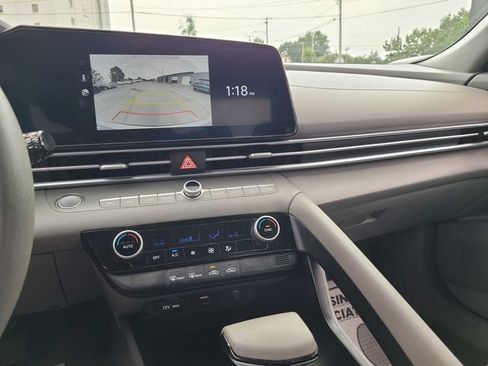 Used 2024 Hyundai Elantra SEL FWD image 28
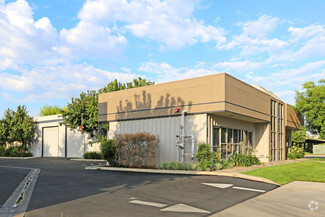 Plus de détails pour 499 W Bedford Ave, Fresno, CA - Bureau à louer
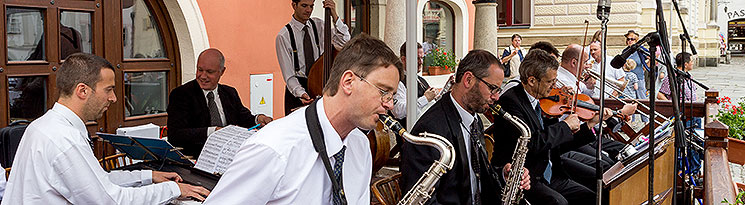 TOP - Jazzband schwarzenberskÃ© gardy, kapelnÃ­k Martin VoÅÃ­Å¡ek, 29.6.2014, Festival komornÃ­ hudby ÄeskÃ½ Krumlov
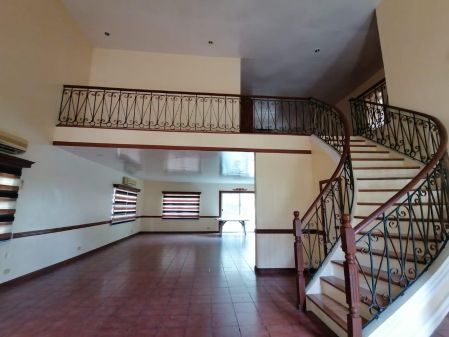 3 Bedroom House for Rent in Pola Bay Paranaque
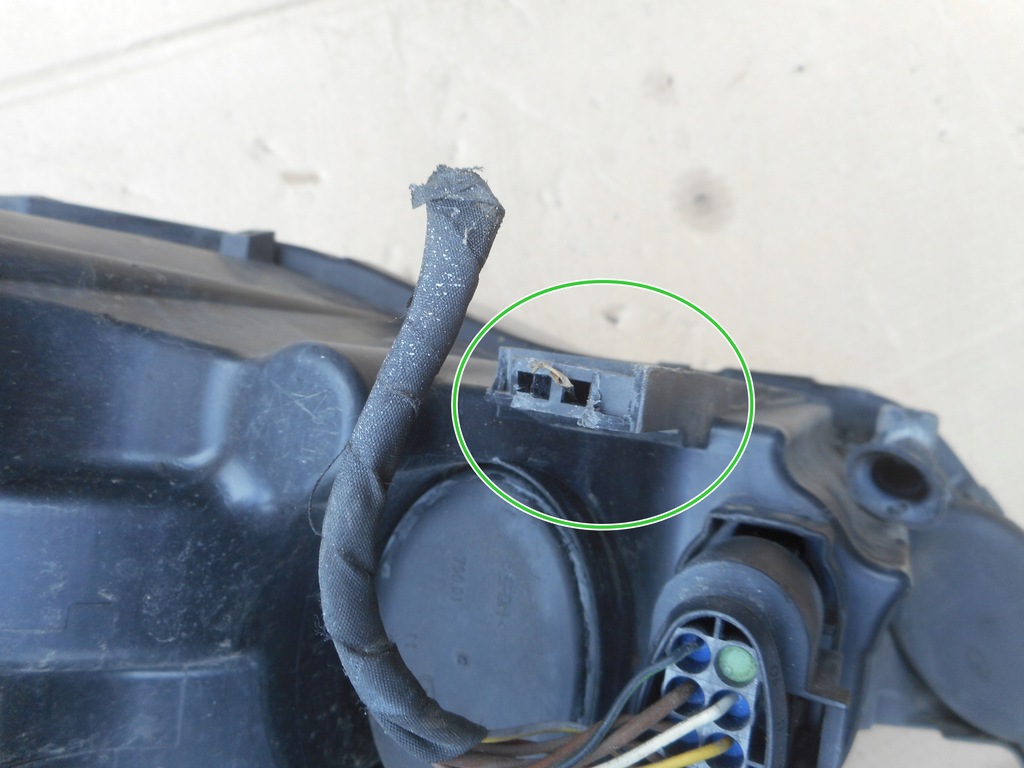 фото №8, Audi a1 8x лампа правая передняя перед 8x0941004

WHAT TO WORK ON. From the first line to the last, retype the material exactly and exclude the pictures.

FINAL ANSWER.
 Used 2024 Hyundai Elantra SEL FWD image 28
 Plus de détails pour 499 W Bedford Ave, Fresno, CA - Bureau à louer
 TOP - Jazzband schwarzenberskÃ© gardy, kapelnÃ­k Martin VoÅÃ­Å¡ek, 29.6.2014, Festival komornÃ­ hudby ÄeskÃ½ Krumlov
 3 Bedroom House for Rent in Pola Bay Paranaque
 фото №8, Audi a1 8x лампа правая передняя перед 8x0941004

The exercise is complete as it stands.